Pada hari ini, 66 tahun silam, yakni 5 Juli 1959, Presiden Sukarno mengeluarkan suatu keputusan penting untuk mengatasi krisis konstitusional yang terjadi di Indonesia pada waktu itu. Keputusan itu dikenal sebagai Dekrit Presiden 5 Juli 1959, yang menandai berakhirnya berlakunya UUD Sementara (UUDS) 1950 dan kembalinya Indonesia ke UUD 1945.

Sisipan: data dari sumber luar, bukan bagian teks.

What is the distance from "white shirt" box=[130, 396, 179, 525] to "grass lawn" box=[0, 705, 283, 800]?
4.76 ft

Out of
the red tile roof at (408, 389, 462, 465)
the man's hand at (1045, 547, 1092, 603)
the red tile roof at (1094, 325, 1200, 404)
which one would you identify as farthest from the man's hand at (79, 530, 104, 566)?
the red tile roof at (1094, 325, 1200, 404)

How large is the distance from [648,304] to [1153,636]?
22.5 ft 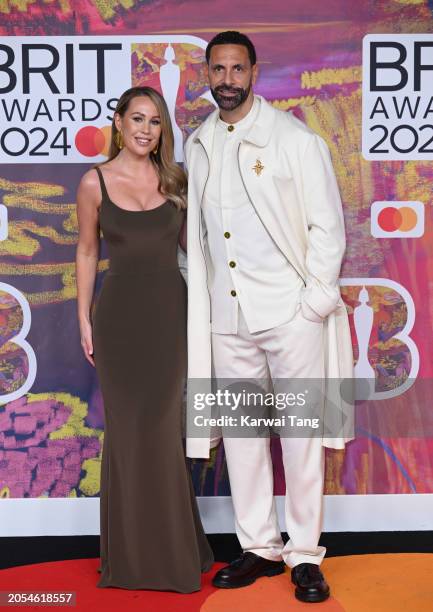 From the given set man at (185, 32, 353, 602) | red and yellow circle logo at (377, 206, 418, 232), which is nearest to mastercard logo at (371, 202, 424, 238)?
red and yellow circle logo at (377, 206, 418, 232)

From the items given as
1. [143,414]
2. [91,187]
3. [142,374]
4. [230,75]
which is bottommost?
[143,414]

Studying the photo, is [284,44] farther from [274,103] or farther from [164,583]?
[164,583]

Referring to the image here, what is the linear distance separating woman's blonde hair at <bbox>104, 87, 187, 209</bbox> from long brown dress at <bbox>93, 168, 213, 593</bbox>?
0.40ft

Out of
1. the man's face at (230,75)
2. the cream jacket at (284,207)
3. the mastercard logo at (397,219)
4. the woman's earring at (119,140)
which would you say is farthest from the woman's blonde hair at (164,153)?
the mastercard logo at (397,219)

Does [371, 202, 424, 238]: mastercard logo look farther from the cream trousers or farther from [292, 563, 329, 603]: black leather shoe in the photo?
[292, 563, 329, 603]: black leather shoe

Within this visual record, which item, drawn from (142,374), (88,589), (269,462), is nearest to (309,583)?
(269,462)

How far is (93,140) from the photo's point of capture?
156 inches

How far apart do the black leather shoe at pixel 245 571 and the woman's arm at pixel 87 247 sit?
999 millimetres

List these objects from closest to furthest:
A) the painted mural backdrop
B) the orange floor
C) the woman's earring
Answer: the orange floor → the woman's earring → the painted mural backdrop

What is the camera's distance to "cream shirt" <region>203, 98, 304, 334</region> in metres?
3.29

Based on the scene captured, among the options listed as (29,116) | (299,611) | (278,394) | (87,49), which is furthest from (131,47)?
(299,611)

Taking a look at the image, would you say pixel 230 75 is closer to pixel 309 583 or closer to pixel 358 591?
pixel 309 583

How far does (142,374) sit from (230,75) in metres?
1.21

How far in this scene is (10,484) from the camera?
4.09 metres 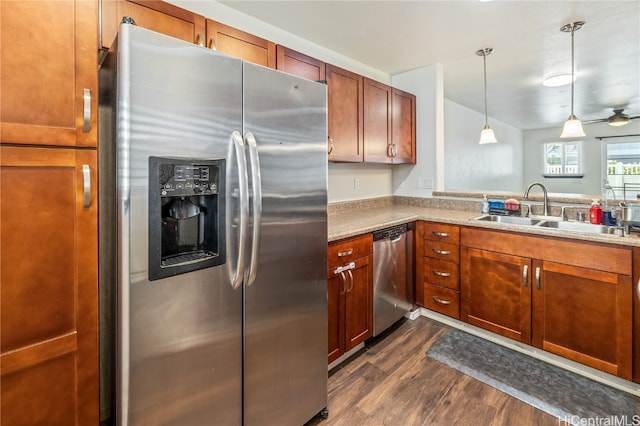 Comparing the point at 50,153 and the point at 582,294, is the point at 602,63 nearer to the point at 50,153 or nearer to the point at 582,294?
the point at 582,294

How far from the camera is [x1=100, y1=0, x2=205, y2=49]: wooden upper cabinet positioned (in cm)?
136

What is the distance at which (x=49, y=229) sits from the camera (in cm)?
100

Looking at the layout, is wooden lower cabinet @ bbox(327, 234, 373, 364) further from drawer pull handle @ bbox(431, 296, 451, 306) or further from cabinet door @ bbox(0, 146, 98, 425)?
cabinet door @ bbox(0, 146, 98, 425)

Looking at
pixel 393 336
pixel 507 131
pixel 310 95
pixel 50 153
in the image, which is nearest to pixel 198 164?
pixel 50 153

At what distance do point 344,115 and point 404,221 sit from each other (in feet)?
3.15

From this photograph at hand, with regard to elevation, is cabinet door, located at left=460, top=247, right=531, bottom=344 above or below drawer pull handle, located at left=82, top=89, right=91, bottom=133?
below

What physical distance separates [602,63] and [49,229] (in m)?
4.79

Pada prinsipnya, keputusan ini dilatarbelakangi oleh beberapa hal, yakni (1) Konstituante bersama-sama pemerintah gagal menyusun dan menetapkan suatu UUD yang baru sebagaimana dimandatkan Pasal 134 UUDS 1950; (2) situasi politik tak stabil karena banyaknya partai politik dan terjadinya tarik-menarik ideologi yang menyebabkan jalannya pemerintahan jadi tidak stabil. Selain itu, (3) munculnya desakan dari berbagai pihak, termasuk TNI dan rakyat, agar Indonesia kembali memberlakukan UUD 1945.
Sebagaimana kita ketahui, Pasal 134 UUDS 1950 menyatakan: ”Konstituante (Sidang Pembuat Undang-Undang Dasar) bersama-sama dengan Pemerintah selekas-lekasnya menetapkan Undang-Undang Dasar Republik Indonesia yang akan menggantikan Undang-Undang Dasar Sementara ini.”
Dengan demikian, Konstituante merupakan badan perwakilan rakyat yang dibentuk khusus untuk menyusun UUD baru. Tugas utamanya merumuskan UUD (konstitusi) yang lebih permanen, untuk menggantikan UUDS 1950 yang sesuai dengan namanya bersifat sementara. Pasal 134 UUDS 1950 secara tegas mengamanatkan bahwa Konstituante, bersama dengan pemerintah, harus segera menyusun UUD baru.
Kegagalan Konstituante
Meski demikian, Konstituante yang terbentuk setelah diselenggarakannya pemungutan suara kedua dari Pemilu 1955 pada 15 Desember 1955 itu ternyata tidak berhasil mencapai kesepakatan dalam menyusun UUD yang baru.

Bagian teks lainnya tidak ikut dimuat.